Die Regenmenge, die zwischen Sonntag und Dienstag auf Sachsen niederging, entspricht stellenweise 373% des Monatsdurchschnitts, oder anders ausgedrückt: in diesen drei Tagen regnete es so viel wie sonst in gut drei Monaten. Doch nun wird das Wetter allmählich wieder besser, und ab Ende der Woche ist der Himmel strahlend blau und die Temperatur hochsommerlich. Entlang der erzgebirgischen Fluß- und Bachläufe wird das ganze Ausmaß der Verwüstungen sichtbar. Gleise sind unterspült, Straßen hat es weggerissen, Brücken existieren nicht mehr. Viele Häuser sind beschädigt; in den Wohnzimmern steht knietief stinkender Schlamm, der in der einsetzenden Hitze zu faulen beginnt. Dort beginnen die Menschen jetzt, mit Schneeschaufeln und anderen behelfsmäßigen Mitteln aufzuräumen. Oft sind sie dabei weitgehend auf sich allein gestellt, denn die Hilfskräfte sind völlig überfordert, können manche Ortschaften zunächst nicht einmal erreichen oder werden dort eingesetzt, wo akute Gefahr droht.

Schlottwitz. Das Bild wurde von Harald Weber geschossen und in der Wikipedia unter einer GNU-Lizenz für freie Dokumentation veröffentlicht.

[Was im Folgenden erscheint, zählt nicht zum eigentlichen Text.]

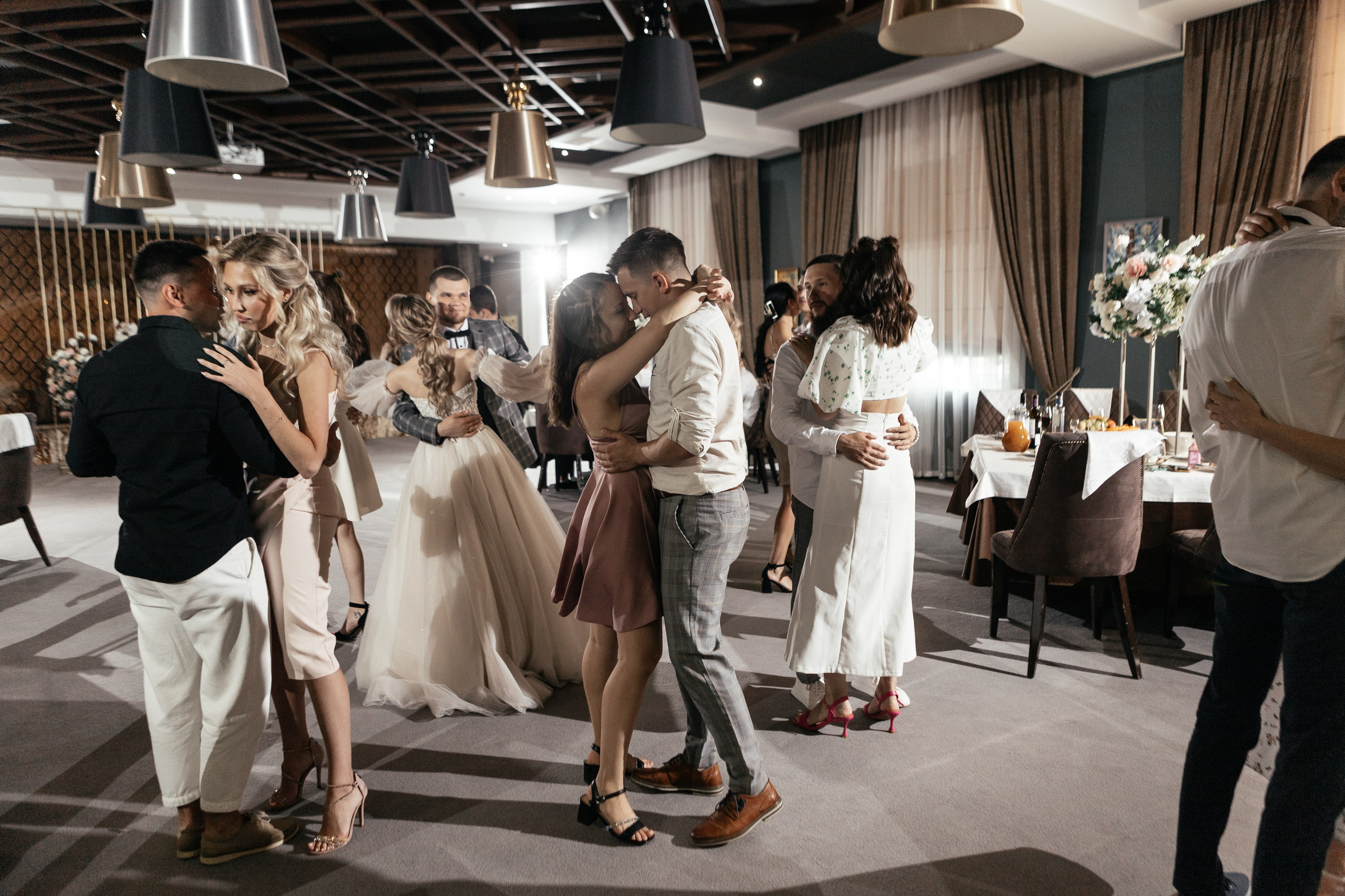 Свадебный фотограф Уфа — Руслан ГабдлисламовЖивые эмоции, красивые кадры, воспоминания на всю жизнь.Работаю по всей Республике Башкортоста. Свадебный фотограф Уфа Руслан Габдлисламов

An Urlaub ist da natürlich nicht mehr zu denken - meine Eltern beschließen, am 15. August die Heimfahrt anzutreten. Darüber bin ich froh, denn so kann ich endlich den Fernsehsessel verlassen und mich auf den Weg nach Dresden machen. Auch wir werden morgen die Vogelperspektive der Statistiken und großen Zusammenhänge hinter uns lassen und in meinen kleinen Ausschnitt der Jahrhun- dertflut 2002 eintauchen.